__RECORDED INFORMATION__
┌──
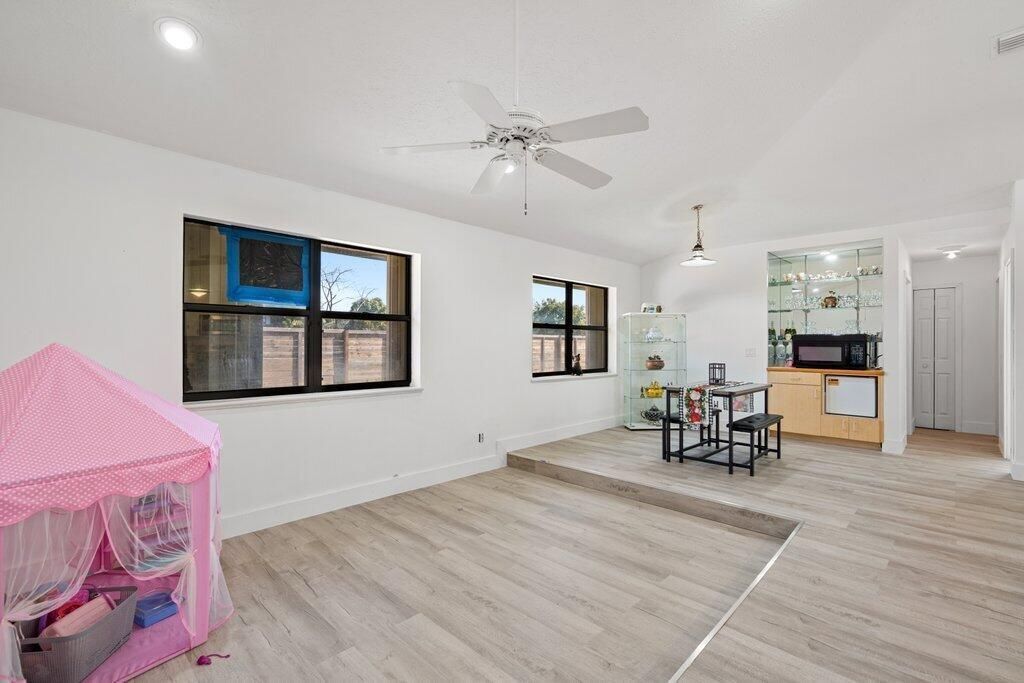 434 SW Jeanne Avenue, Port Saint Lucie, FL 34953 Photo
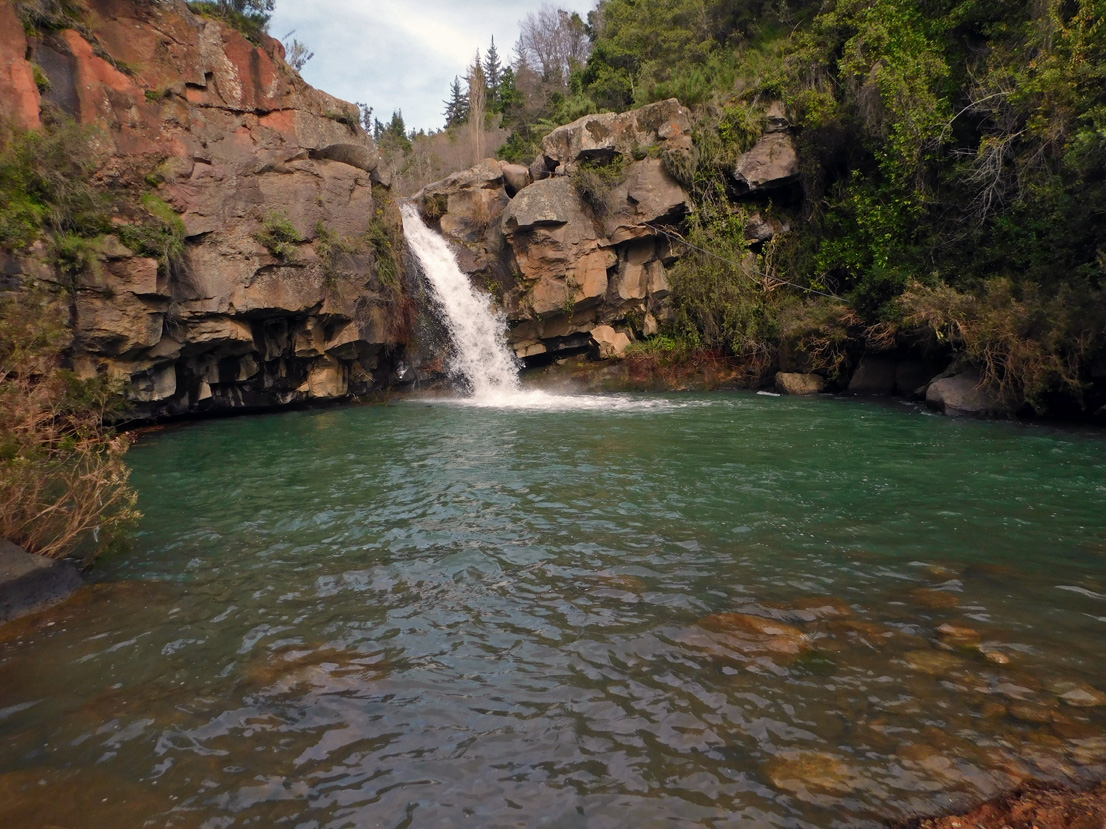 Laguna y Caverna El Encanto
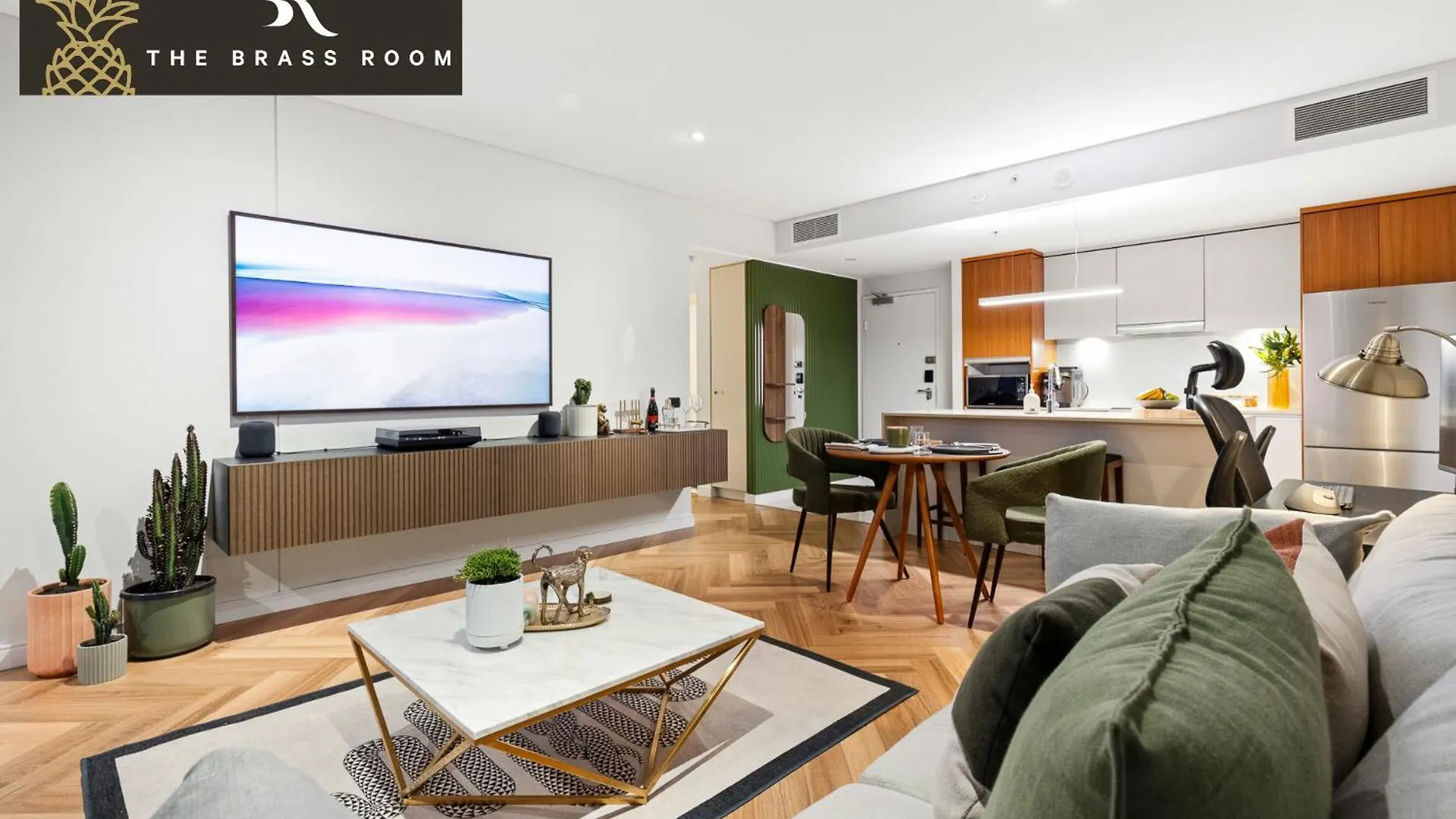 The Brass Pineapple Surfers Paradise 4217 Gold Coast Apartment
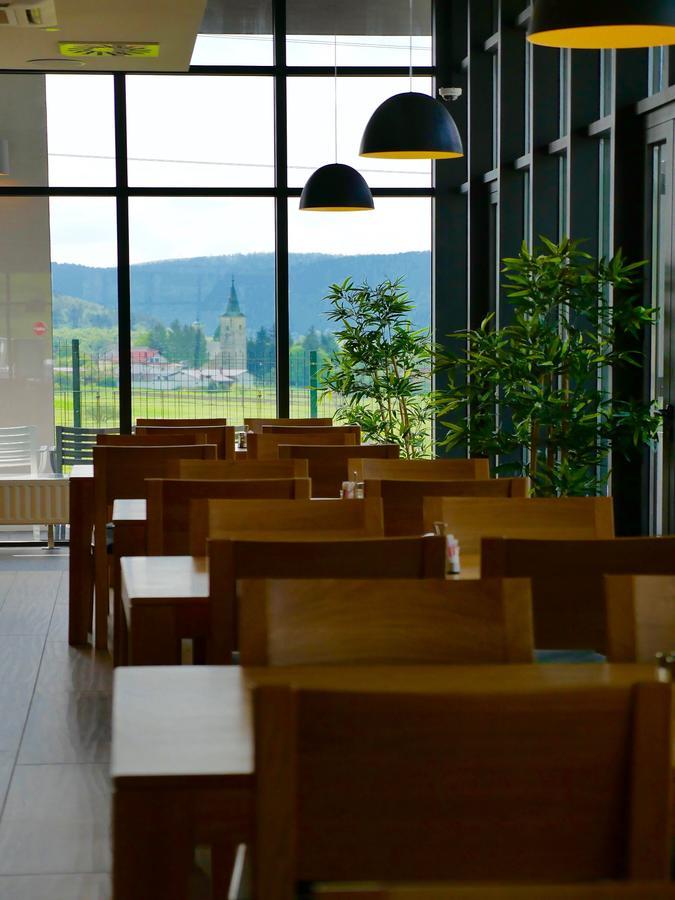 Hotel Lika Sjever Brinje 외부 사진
└──
__TASK ITEM__
Repeat the data word for word. Images are not part of the copy.

__RESULT__
 434 SW Jeanne Avenue, Port Saint Lucie, FL 34953 Photo
 Laguna y Caverna El Encanto
 The Brass Pineapple Surfers Paradise 4217 Gold Coast Apartment
 Hotel Lika Sjever Brinje 외부 사진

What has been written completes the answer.